Dec. 5, 2011, 3:32 p.m.
The Carnegie Endowment published a new paper on governance support projects. The paper, written by Thomas Carothers and Diane de Gramon, reviews the major lessons learned and the difficulty practicioners have had in incorporating these lessons into their current practices.
Since emerging as a new donor enthusiasm in the 1990s, governance support has become a major area of aid to developing countries. The idea that remedying debilitating patterns of inefficient, corrupt, and unaccountable governance will unlock developmental progress appeals not just to aid providers but also to ordinary people throughout the developing world who are angry at unresponsive and poorly functioning states. Yet despite the natural appeal of improving governance, it has proved challenging in practice. Many initial assumptions about the task have run aground on the shoals of countervailing realities.

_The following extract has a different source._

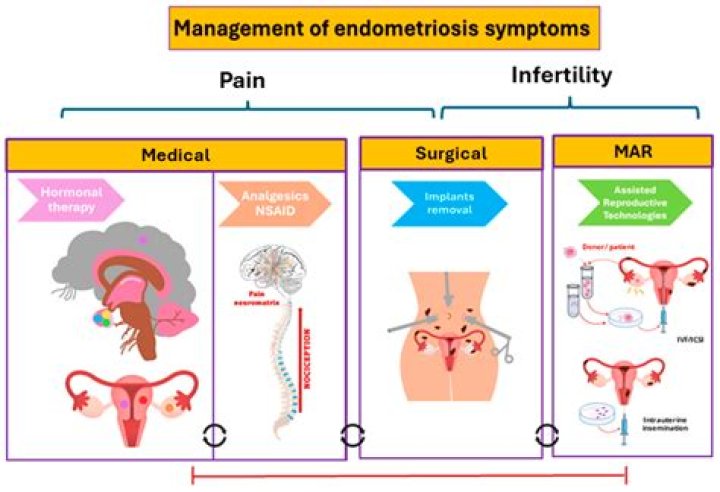 Endometriosis and Ozempic: Understanding the Connection and Treatment Options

As a result, aid practitioners have begun accumulating important insights about how to improve governance aid:
- Governance deficiencies are often primarily political and cannot be resolved through technical assistance alone.

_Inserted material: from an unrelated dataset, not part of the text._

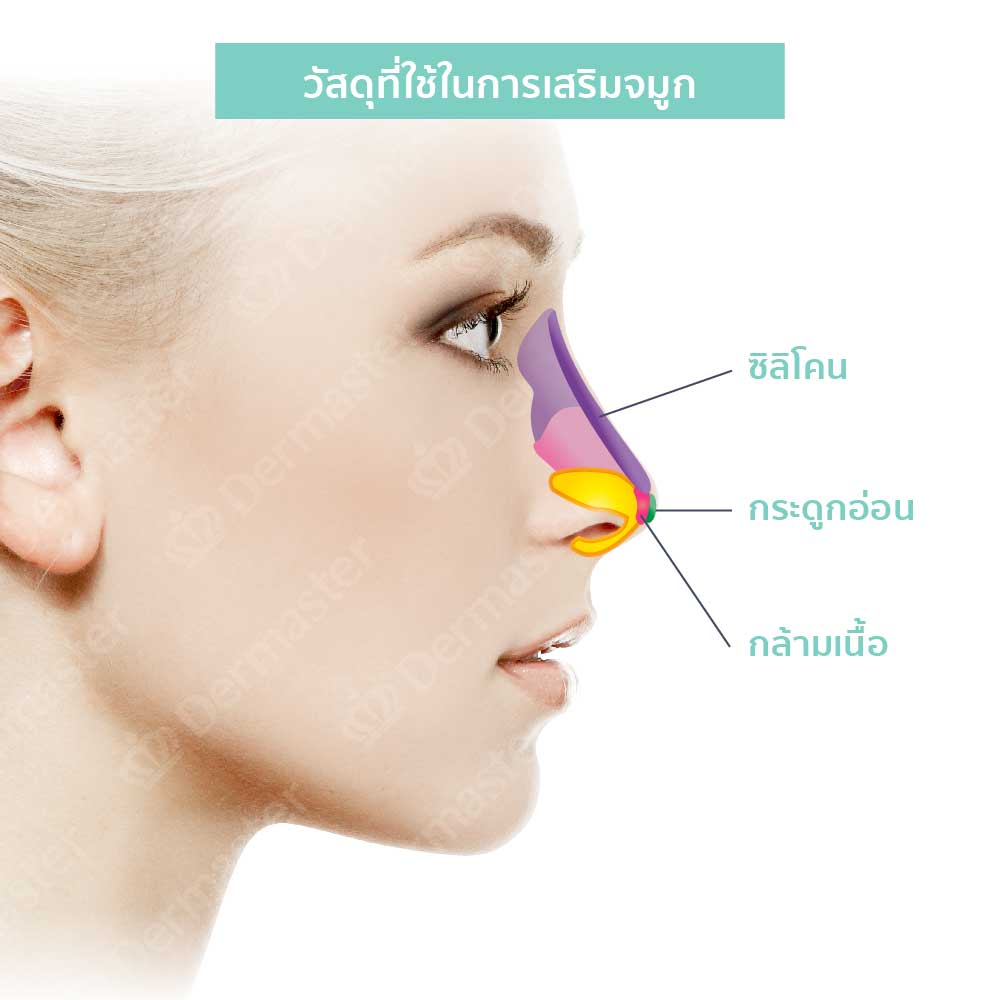 why-dermaster-nose-surgery-1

- Fostering citizen demand for better governance is as important as topdown efforts aimed at improving the “supply” of governance.

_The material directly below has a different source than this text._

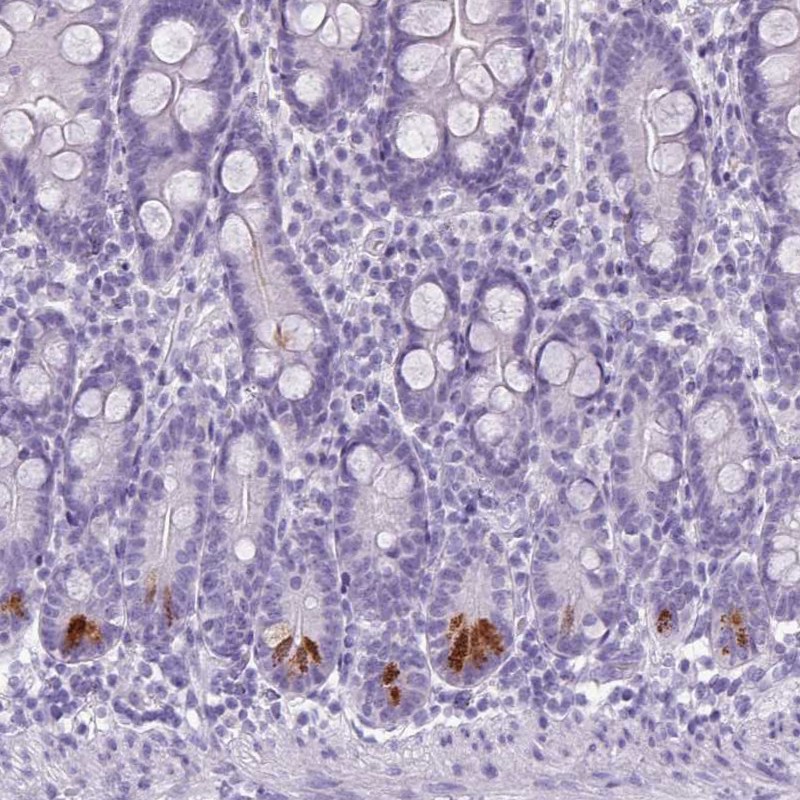 Anti-TMEM91 Antibody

- Governance aid may be more effective at the local level than at the national level.
- Despite the intuitive appeal of governance best practices, concentrating on locally determined “best fit” may be more productive.
- Informal institutions are a central part of the governance puzzle and cannot be treated as developmental marginalia.
- Governance concerns should be integrated into the full range of assistance programming.
- Donor countries should address international drivers of poor governance.
- Aiding governance effectively requires development agencies to rethink their own internal governance.